# Prender luces con Ring de Telefono



## dark_soul (Nov 14, 2010)

Saludos, estoy haciendo un proyecyto el cual debe encender las luces al recibir el Ring de la linea telefonica, para esto me estoy ayudando del microcontrolador 16F648a y el Decodificador de tonos MT88L70a, pero es aqui donde me tope con problemas, resulta que tengo el circuito detector de ring, el cual se conecta directo a la entrada del micro, una vez detectado manda un pulso para activar el relay y poner una resistencia en paralelo y simular el descolgado (circuito de figura 1), y funciona, pero ahora no se donde o como conectar hacia el DTMF, no se si se debe tomar en paralelo ó la resistencia en seria al capacitor y las resistencias en seria que son la entrada del DTFM (imagen 2).

De ser asi, me encuentro con otro problema, ya que entorpece el funcionamiento de mi circuito y eso que aun no lo eh armado al 100, simplemente conecte R4 a la patita de l relay, dejando la otr patita del relay sin conectar y la deteccion del Ring, se muere.
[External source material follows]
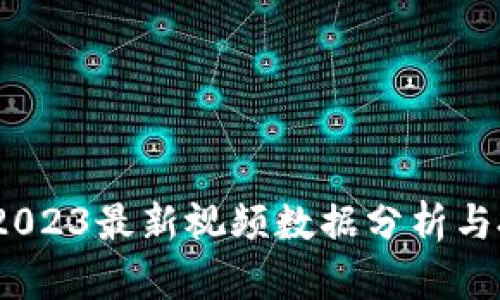 区块链创富：2023最新视频数据分析与投资机会探讨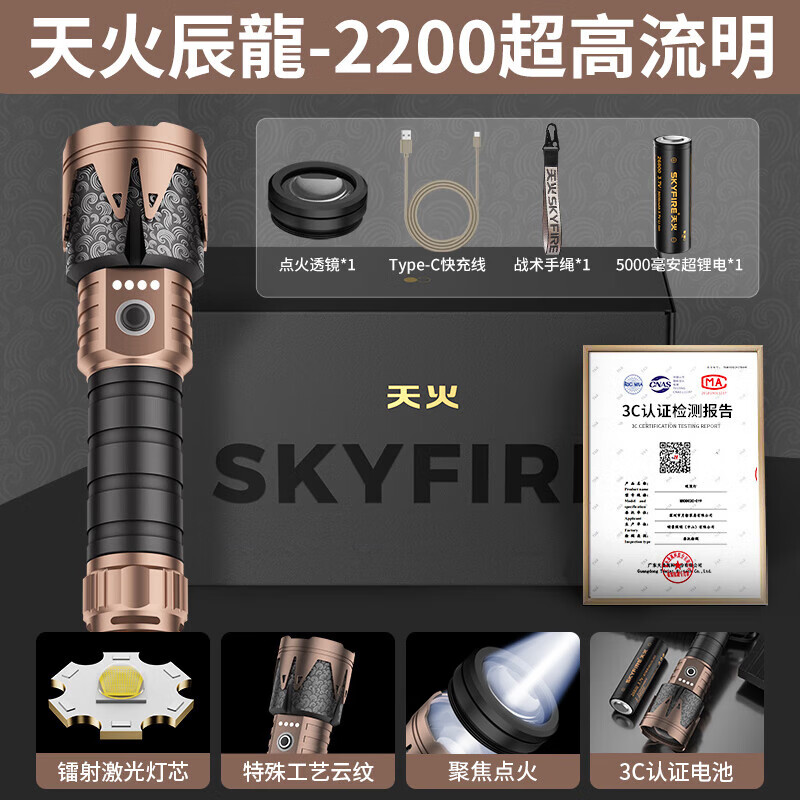 天火辰龙穿天炮手电筒知了猴激光强光户外家用充电超亮远射超长续航 辰龙/1800LM/送聚焦透镜/标配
De antemano gracias, espero me puedan ayudar.

Hector.


----------



## lubeck (Nov 15, 2010)

mira este link...
https://www.forosdeelectronica.com/f17/generar-tonos-telefono-fijo-sin-linea-telefonica-42730/
el pin 11,12,13,14,15 van al micro....

las descripciones del esquema no son las mismas que el 8870 pero la posicion de los pines en el componente si...

Los 12v la resistencia R11 y capacitor C5 no se ponen....
asi lo conecte yo y funciona...
otra seria que revises el datasheet...


----------